IMO, I think that you should gear your training to your needs.  If submission tournaments is your interest, with no striking, then that is your focus.  Of course if its SD, then yes, I feel that strikes should be added in.  I'd also suggest bringing in some weapons into the mix as well.  Badguy has a blade or stick, you attempt a disarm or control while standing, that idea goes south, and you find yourself on the ground, struggling for control of the weapon.


----------



## Brian R. VanCise (Sep 15, 2009)

*I think you have to train in multiple ways*.  If all you ever do is strike while grappling then your submission skills may not develop as well.  Conversely if all you ever do is submission grappling then you may have some issues when strikes happen.  

*I think first you need good ground movement*.  That is essential.  Once the movement is ingrained then you need to practice submissions and be very technical about it and become fluid in your submissions.  Once you have a smooth skill set with submissions then you add in the striking aspect and the defenses against the strikes and walla you have a more complete skill set.  I feel this is the best order as I think the submission skills are harder to learn if you already have striking involved and that it is easier to bring the striking in later after the movement and submission skill sets are effective!  Just my 02. 

For pure personal protection you need to be able to function on the ground with *submissions* and *strikes* and the implementation of *weapons*.  Also you need to have a mindset to get up quickly if anyone else is around as being on the ground and getting pounded (or stabbed) by your opponents friend is definitely not a good idea.


----------



## Nolerama (Sep 15, 2009)

I always find it refreshing to add strikes into rolling.
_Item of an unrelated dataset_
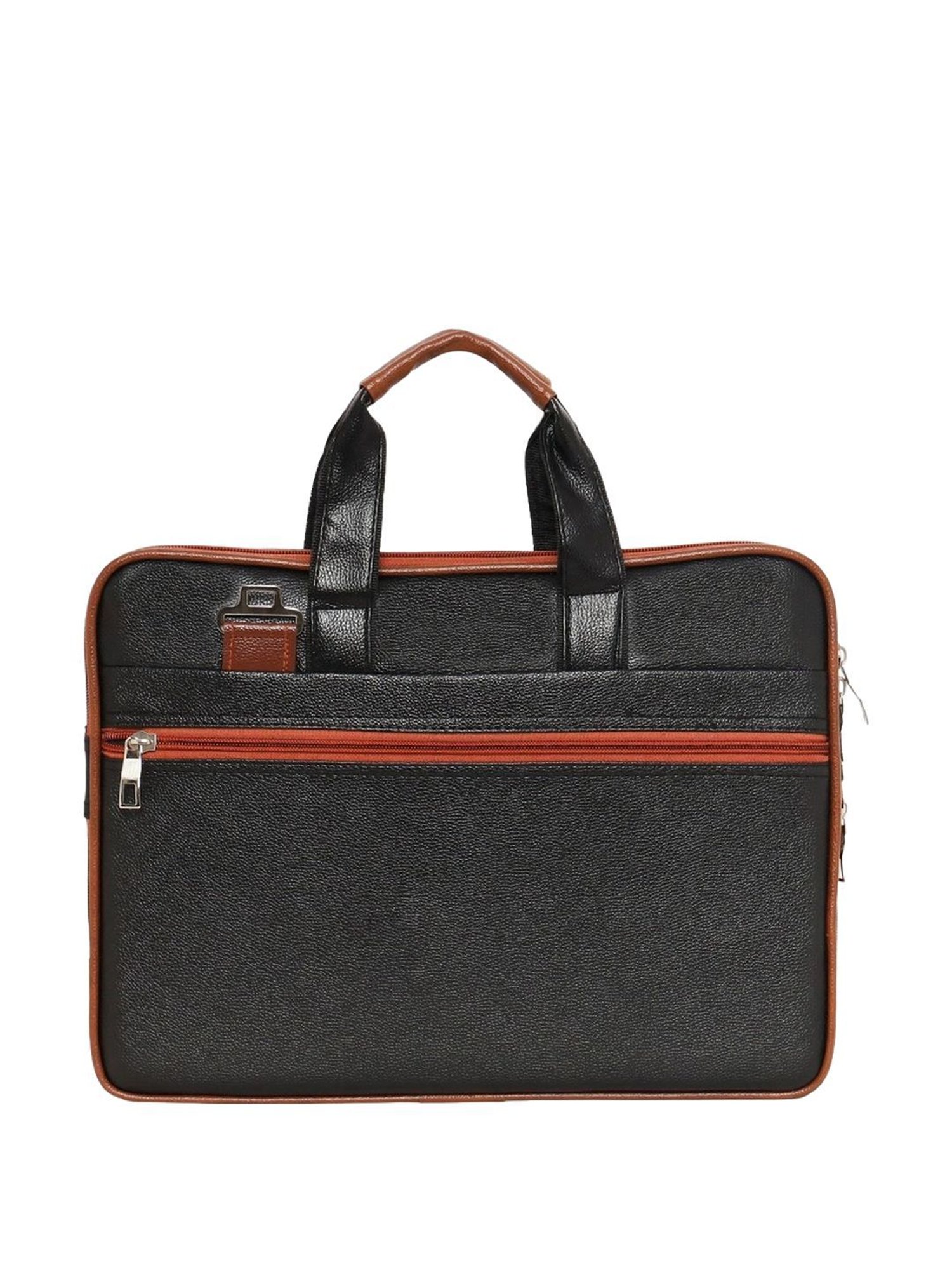 Priority Black & Tan Synthetic Large Messenger Bag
It's nice to change the game up a bit.


----------



## Mike Hamer (Sep 16, 2009)

Brian R. VanCise said:


> *I think you have to train in multiple ways*. If all you ever do is strike while grappling then your submission skills may not develop as well. Conversely if all you ever do is submission grappling then you may have some issues when strikes happen.
> 
> *I think first you need good ground movement*. That is essential. Once the movement is ingrained then you need to practice submissions and be very technical about it and become fluid in your submissions. Once you have a smooth skill set with submissions then you add in the striking aspect and the defenses against the strikes and walla you have a more complete skill set. I feel this is the best order as I think the submission skills are harder to learn if you already have striking involved and that it is easier to bring the striking in later after the movement and submission skill sets are effective! Just my 02.
> 
> For pure personal protection you need to be able to function on the ground with *submissions* and *strikes* and the implementation of *weapons*. Also you need to have a mindset to get up quickly if anyone else is around as being on the ground and getting pounded (or stabbed) by your opponents friend is definitely not a good idea.


 

That was a great answer, thanks!


----------